The closest encounter I’d had with a turkey in recent memory was at lunch, sandwiched between two pieces of wheat bread and a slice of cheddar cheese. I was startled, then, to see one (covered in brown feathers as opposed to cheese) observing me from afar as I slid past on my skis one cold evening in the Arb. The wild turkey, Meleagris gallopavo, is actually not so strange of a sight around campus. It can be spotted in the Arb’s floodplain forest, upland forests, and at field edges year round.
Weighing 10 to 25 pounds, these sizable birds take advantage of the area’s bountiful food sources – grasses, buds, berries, insects, acorns, and even frogs and snakes. In turn, the Arb’s owls, eagles, coyotes and foxes incorporate turkey into their diet. The the wild turkey is now part of southern Minnesota’s ecosystem, this has not always been the case. Native to Minnesota, the turkey population disappeared from the state in the late 1800s.
Minnesota’s Department of Natural Resources began efforts to restore the turkey population in the early 1970s, releasing twenty-nine adult birds into the wild.
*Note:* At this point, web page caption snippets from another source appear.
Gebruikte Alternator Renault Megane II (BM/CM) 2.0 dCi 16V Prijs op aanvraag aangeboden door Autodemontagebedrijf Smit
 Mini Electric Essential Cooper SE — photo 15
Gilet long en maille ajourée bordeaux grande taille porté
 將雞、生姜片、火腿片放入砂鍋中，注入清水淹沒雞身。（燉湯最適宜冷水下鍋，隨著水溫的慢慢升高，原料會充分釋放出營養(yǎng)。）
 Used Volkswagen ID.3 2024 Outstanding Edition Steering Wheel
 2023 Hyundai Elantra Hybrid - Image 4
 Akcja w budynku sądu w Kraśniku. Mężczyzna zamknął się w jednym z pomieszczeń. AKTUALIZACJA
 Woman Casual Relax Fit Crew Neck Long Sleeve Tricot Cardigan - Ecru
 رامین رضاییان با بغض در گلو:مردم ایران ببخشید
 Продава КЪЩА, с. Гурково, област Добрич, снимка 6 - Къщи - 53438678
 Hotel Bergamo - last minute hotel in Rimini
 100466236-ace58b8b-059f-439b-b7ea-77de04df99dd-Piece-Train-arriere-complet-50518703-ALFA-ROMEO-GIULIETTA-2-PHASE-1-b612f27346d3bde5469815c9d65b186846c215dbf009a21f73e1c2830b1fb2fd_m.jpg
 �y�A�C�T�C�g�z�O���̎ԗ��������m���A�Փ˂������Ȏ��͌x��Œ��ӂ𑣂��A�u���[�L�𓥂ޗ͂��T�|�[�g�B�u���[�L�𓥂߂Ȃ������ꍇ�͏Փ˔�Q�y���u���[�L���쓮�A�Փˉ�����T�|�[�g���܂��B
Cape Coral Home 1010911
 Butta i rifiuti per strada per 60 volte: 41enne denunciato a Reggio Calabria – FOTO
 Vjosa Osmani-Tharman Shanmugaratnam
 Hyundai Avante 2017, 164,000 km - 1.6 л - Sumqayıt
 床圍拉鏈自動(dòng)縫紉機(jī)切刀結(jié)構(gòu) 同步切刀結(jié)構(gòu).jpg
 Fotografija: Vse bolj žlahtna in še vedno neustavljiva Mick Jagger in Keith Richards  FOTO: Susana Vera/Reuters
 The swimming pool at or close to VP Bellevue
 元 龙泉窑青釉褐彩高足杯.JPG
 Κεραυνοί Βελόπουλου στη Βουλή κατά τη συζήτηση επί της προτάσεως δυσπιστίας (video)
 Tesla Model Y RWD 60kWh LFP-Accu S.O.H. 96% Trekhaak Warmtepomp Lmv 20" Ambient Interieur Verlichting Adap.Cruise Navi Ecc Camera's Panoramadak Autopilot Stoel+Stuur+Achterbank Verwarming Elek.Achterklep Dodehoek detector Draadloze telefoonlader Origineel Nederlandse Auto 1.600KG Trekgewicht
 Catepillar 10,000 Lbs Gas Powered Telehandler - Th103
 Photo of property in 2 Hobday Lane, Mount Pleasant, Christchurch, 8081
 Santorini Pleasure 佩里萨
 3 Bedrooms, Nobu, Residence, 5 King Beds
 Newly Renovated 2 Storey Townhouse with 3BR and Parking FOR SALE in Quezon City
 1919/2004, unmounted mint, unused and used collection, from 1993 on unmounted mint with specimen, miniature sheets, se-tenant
With a population now over seventy thousand, wild turkeys have truly returned as a regular part of the state’s wildlife sightings, even in urban areas. Urban turkeys (particularly males) have a tendency to grow acclimated to humans and can, on occasion, become a nuisance by roosting on roofs or chasing people or pets. However, wild turkeys do more good than harm overall, and their rapid population growth is one of Minnesota’s greatest restoration success stories.
The next time you explore the Arb, remember that owls are not the only exciting bird to spot out there. Keep an eye out for the red head and distinctive gobble of the wild male turkey, and you can be the judge as to whether Ben Franklin was right in promoting it as the national bird.